Stored items from a collection.
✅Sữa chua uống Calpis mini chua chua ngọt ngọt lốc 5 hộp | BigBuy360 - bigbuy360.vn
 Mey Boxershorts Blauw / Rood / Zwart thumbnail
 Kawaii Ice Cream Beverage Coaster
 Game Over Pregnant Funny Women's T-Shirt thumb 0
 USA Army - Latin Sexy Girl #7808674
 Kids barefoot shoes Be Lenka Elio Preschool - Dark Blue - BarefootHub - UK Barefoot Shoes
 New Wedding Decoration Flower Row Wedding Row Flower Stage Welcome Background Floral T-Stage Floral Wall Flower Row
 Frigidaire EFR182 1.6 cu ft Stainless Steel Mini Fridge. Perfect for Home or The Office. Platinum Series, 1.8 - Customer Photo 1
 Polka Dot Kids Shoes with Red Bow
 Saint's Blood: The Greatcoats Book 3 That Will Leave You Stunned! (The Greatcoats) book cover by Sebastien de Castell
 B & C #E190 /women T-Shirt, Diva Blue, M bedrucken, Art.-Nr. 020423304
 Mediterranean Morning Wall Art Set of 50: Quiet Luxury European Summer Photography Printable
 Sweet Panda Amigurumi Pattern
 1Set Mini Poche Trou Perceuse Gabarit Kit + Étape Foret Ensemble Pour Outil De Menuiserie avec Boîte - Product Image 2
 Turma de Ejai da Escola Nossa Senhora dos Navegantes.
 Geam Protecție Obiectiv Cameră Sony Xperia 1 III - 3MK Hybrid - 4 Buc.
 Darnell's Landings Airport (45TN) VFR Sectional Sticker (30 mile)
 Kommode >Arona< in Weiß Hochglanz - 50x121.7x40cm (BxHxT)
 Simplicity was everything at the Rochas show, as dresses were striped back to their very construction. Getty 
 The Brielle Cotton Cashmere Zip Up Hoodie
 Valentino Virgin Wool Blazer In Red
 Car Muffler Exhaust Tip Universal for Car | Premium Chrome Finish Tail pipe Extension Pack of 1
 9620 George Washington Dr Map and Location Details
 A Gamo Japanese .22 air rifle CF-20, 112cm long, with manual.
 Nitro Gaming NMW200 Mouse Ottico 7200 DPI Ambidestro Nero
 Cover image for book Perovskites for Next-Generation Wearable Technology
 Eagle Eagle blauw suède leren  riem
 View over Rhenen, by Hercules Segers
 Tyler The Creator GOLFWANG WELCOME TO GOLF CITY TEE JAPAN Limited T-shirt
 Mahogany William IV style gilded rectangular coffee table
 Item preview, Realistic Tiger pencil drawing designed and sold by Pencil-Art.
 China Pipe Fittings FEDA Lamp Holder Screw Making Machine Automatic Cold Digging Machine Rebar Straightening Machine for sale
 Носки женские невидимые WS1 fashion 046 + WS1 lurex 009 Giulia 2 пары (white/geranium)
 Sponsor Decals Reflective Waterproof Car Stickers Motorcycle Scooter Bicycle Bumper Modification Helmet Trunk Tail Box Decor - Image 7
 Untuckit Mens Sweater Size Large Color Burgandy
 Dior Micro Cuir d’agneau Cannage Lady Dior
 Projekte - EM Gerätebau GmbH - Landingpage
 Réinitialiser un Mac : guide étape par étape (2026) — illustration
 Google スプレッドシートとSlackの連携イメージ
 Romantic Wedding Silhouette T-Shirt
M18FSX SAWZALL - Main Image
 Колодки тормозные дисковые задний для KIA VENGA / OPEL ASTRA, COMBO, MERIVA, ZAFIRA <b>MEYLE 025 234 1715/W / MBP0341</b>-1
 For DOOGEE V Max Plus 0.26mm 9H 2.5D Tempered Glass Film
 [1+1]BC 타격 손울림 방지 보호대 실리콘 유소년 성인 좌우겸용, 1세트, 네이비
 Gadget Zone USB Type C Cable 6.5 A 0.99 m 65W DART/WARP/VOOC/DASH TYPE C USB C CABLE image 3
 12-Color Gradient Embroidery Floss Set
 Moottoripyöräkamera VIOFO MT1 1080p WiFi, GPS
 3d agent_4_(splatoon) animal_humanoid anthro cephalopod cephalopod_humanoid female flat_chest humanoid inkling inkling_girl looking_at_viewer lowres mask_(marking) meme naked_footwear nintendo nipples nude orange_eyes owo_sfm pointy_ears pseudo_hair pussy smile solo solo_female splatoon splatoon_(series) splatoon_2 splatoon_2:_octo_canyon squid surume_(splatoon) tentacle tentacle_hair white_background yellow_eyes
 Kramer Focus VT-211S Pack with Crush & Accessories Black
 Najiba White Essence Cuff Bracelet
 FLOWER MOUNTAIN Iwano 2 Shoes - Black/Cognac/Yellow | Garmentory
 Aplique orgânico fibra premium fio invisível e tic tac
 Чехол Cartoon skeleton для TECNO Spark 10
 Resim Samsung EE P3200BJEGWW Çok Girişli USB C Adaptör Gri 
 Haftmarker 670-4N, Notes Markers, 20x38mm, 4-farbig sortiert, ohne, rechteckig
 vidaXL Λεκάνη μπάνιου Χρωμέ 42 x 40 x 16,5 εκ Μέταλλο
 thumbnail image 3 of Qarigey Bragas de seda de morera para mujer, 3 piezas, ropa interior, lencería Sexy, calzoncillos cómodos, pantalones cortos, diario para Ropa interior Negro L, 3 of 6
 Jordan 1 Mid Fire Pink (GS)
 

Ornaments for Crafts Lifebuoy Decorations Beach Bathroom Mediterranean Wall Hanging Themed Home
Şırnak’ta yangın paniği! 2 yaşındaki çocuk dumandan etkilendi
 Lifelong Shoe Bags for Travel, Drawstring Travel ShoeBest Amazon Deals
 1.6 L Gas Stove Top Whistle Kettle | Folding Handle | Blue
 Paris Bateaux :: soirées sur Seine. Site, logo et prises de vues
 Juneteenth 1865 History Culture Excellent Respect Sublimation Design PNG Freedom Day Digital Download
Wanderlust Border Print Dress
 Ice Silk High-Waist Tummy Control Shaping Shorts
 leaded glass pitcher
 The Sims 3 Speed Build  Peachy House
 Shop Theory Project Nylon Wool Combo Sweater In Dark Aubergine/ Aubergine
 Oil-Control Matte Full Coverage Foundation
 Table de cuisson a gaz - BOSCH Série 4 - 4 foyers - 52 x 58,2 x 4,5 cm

Problem. Reprint exactly the lines above that start at the one with "B & C #E190" and end at the one with "Носки женские невидимые", keeping both and adding none.

Problem solution.
 B & C #E190 /women T-Shirt, Diva Blue, M bedrucken, Art.-Nr. 020423304
 Mediterranean Morning Wall Art Set of 50: Quiet Luxury European Summer Photography Printable
 Sweet Panda Amigurumi Pattern
 1Set Mini Poche Trou Perceuse Gabarit Kit + Étape Foret Ensemble Pour Outil De Menuiserie avec Boîte - Product Image 2
 Turma de Ejai da Escola Nossa Senhora dos Navegantes.
 Geam Protecție Obiectiv Cameră Sony Xperia 1 III - 3MK Hybrid - 4 Buc.
 Darnell's Landings Airport (45TN) VFR Sectional Sticker (30 mile)
 Kommode >Arona< in Weiß Hochglanz - 50x121.7x40cm (BxHxT)
 Simplicity was everything at the Rochas show, as dresses were striped back to their very construction. Getty 
 The Brielle Cotton Cashmere Zip Up Hoodie
 Valentino Virgin Wool Blazer In Red
 Car Muffler Exhaust Tip Universal for Car | Premium Chrome Finish Tail pipe Extension Pack of 1
 9620 George Washington Dr Map and Location Details
 A Gamo Japanese .22 air rifle CF-20, 112cm long, with manual.
 Nitro Gaming NMW200 Mouse Ottico 7200 DPI Ambidestro Nero
 Cover image for book Perovskites for Next-Generation Wearable Technology
 Eagle Eagle blauw suède leren  riem
 View over Rhenen, by Hercules Segers
 Tyler The Creator GOLFWANG WELCOME TO GOLF CITY TEE JAPAN Limited T-shirt
 Mahogany William IV style gilded rectangular coffee table
 Item preview, Realistic Tiger pencil drawing designed and sold by Pencil-Art.
 China Pipe Fittings FEDA Lamp Holder Screw Making Machine Automatic Cold Digging Machine Rebar Straightening Machine for sale
 Носки женские невидимые WS1 fashion 046 + WS1 lurex 009 Giulia 2 пары (white/geranium)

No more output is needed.